Action item:
Using the listing below, print the line containing "Column F is basically", the line containing "Here, I'm outside", and each line between them, exactly and nothing else. Pictures stay out of the print.

Source information:
Content starts

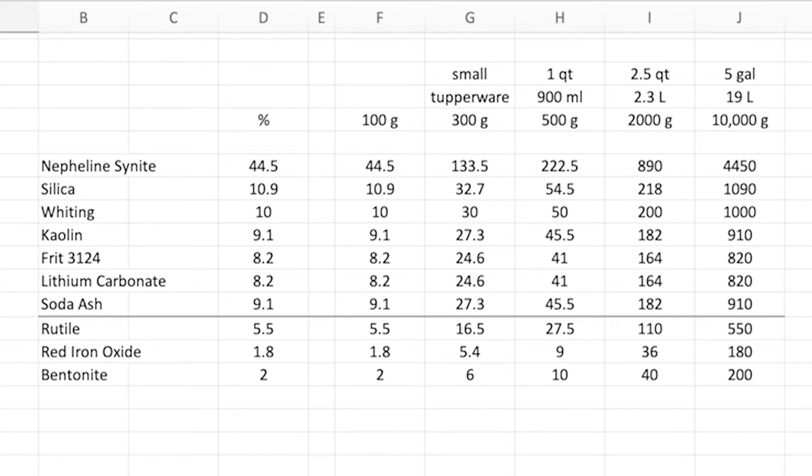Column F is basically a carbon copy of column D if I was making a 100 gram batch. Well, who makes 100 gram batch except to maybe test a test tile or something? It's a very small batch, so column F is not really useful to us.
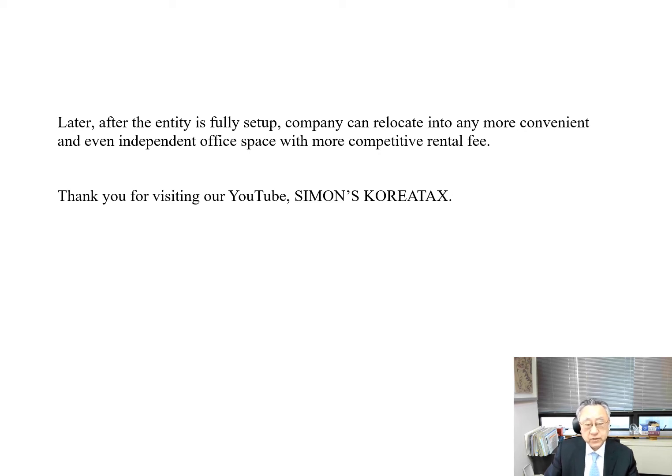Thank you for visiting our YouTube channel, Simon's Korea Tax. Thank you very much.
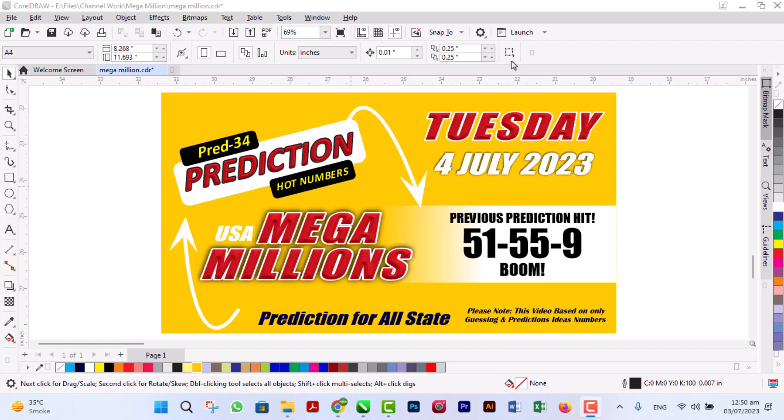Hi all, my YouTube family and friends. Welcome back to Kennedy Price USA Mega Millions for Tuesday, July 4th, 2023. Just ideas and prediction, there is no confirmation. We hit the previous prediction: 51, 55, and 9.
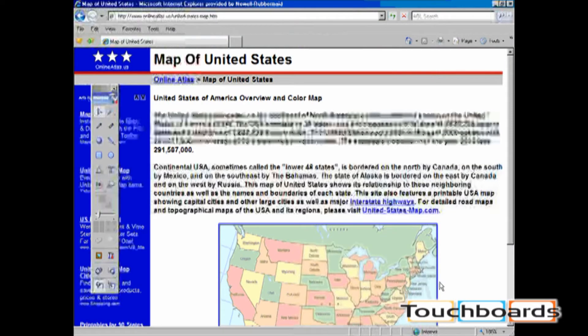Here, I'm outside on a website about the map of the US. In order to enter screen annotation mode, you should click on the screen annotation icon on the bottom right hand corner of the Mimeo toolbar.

Content ends
Content starts

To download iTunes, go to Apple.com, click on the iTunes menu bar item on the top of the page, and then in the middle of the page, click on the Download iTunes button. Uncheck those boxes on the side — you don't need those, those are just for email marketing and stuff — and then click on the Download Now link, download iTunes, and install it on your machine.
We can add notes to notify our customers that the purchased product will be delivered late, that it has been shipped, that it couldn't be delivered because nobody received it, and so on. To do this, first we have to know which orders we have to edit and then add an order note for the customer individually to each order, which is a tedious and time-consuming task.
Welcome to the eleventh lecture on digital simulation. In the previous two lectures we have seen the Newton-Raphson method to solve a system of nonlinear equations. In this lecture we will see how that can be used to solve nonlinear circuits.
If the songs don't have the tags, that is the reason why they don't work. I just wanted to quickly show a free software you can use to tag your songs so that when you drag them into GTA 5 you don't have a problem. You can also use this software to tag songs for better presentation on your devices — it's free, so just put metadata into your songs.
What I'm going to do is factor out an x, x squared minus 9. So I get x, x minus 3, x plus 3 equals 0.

Content ends

Response:
Column F is basically a carbon copy of column D if I was making a 100 gram batch. Well, who makes 100 gram batch except to maybe test a test tile or something? It's a very small batch, so column F is not really useful to us.
Thank you for visiting our YouTube channel, Simon's Korea Tax. Thank you very much.
Hi all, my YouTube family and friends. Welcome back to Kennedy Price USA Mega Millions for Tuesday, July 4th, 2023. Just ideas and prediction, there is no confirmation. We hit the previous prediction: 51, 55, and 9.
Here, I'm outside on a website about the map of the US. In order to enter screen annotation mode, you should click on the screen annotation icon on the bottom right hand corner of the Mimeo toolbar.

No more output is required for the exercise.